- Supplied records -
((

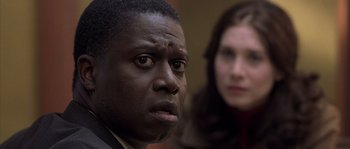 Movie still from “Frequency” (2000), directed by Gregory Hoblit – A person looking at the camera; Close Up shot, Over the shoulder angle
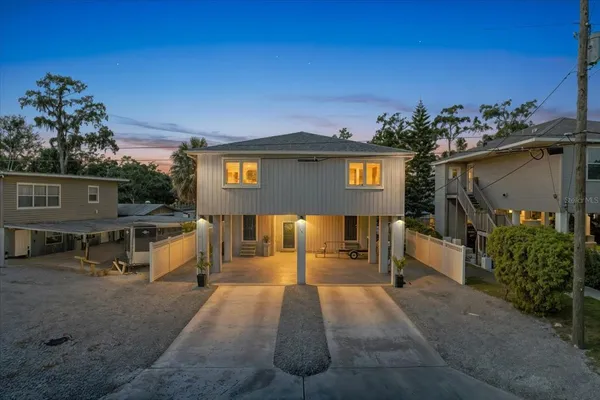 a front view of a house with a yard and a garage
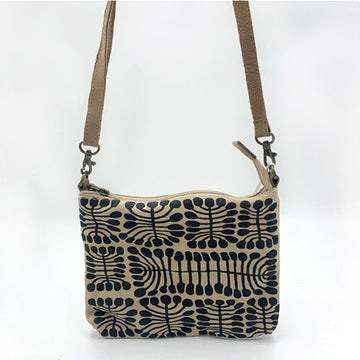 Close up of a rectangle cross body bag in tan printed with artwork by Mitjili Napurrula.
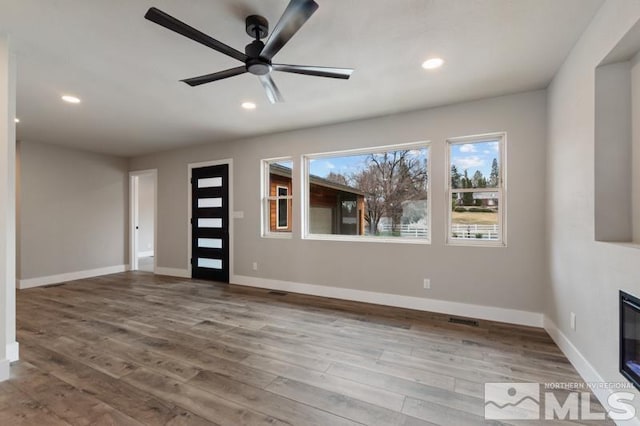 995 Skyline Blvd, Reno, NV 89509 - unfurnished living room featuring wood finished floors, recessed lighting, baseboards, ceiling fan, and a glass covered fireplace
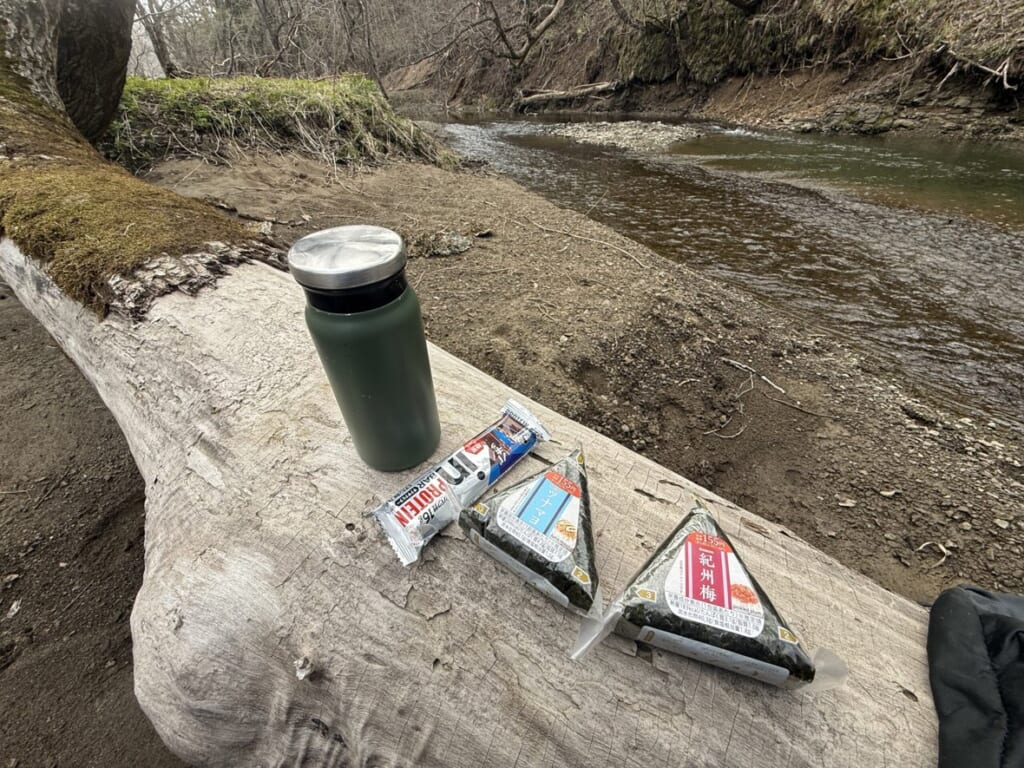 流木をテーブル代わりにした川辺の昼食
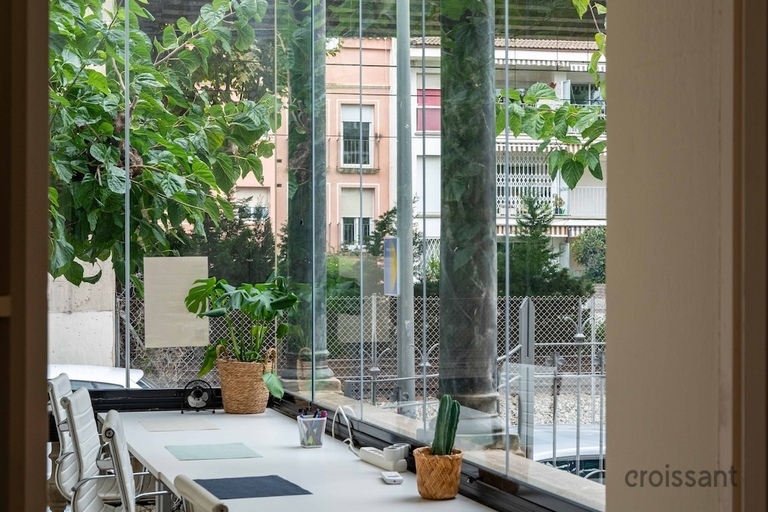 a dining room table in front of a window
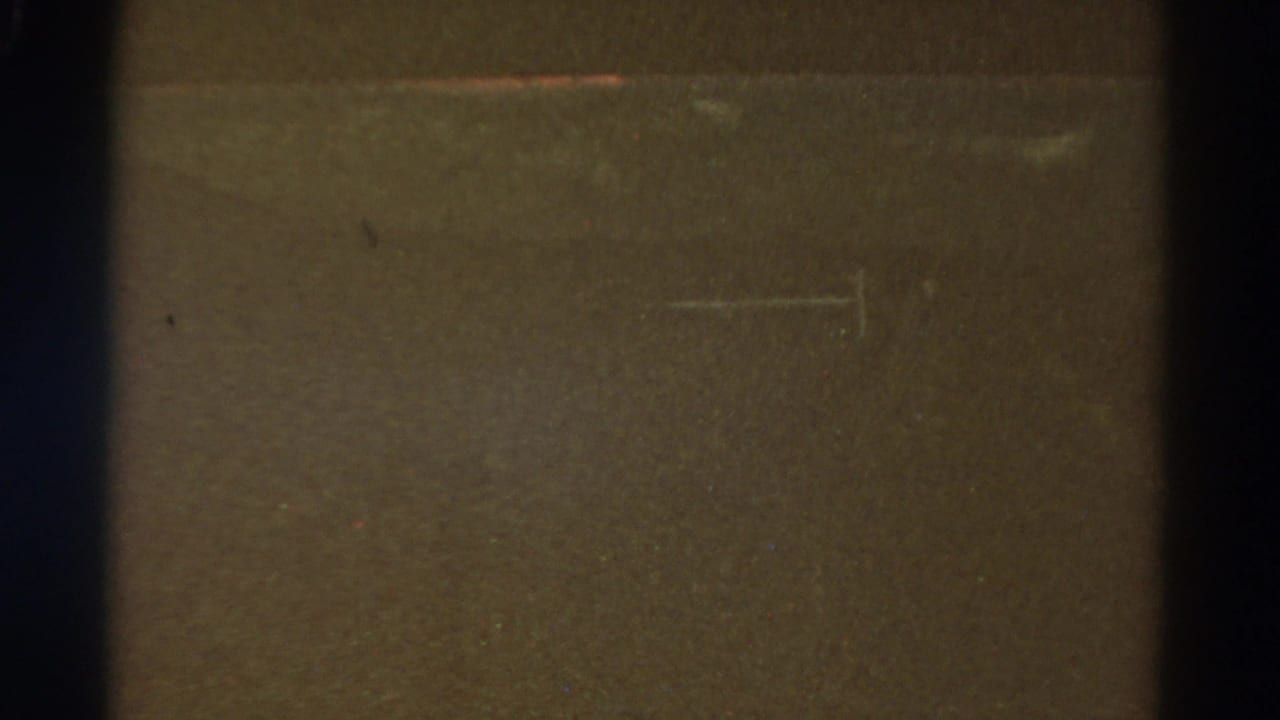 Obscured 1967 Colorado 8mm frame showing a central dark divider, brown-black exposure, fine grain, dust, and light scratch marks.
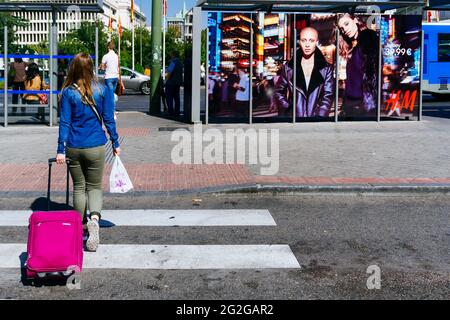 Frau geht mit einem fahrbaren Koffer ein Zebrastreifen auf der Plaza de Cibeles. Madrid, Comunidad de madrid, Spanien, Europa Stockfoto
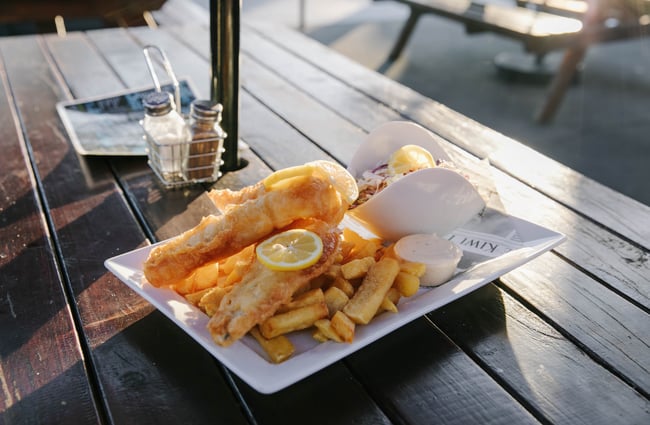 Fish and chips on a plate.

))

- Your assignment -
Write out exactly the lines above, from the very first through the line containing "Close up of", both kept, with the pictures removed.

- Response area -
 Movie still from “Frequency” (2000), directed by Gregory Hoblit – A person looking at the camera; Close Up shot, Over the shoulder angle
 a front view of a house with a yard and a garage
 Close up of a rectangle cross body bag in tan printed with artwork by Mitjili Napurrula.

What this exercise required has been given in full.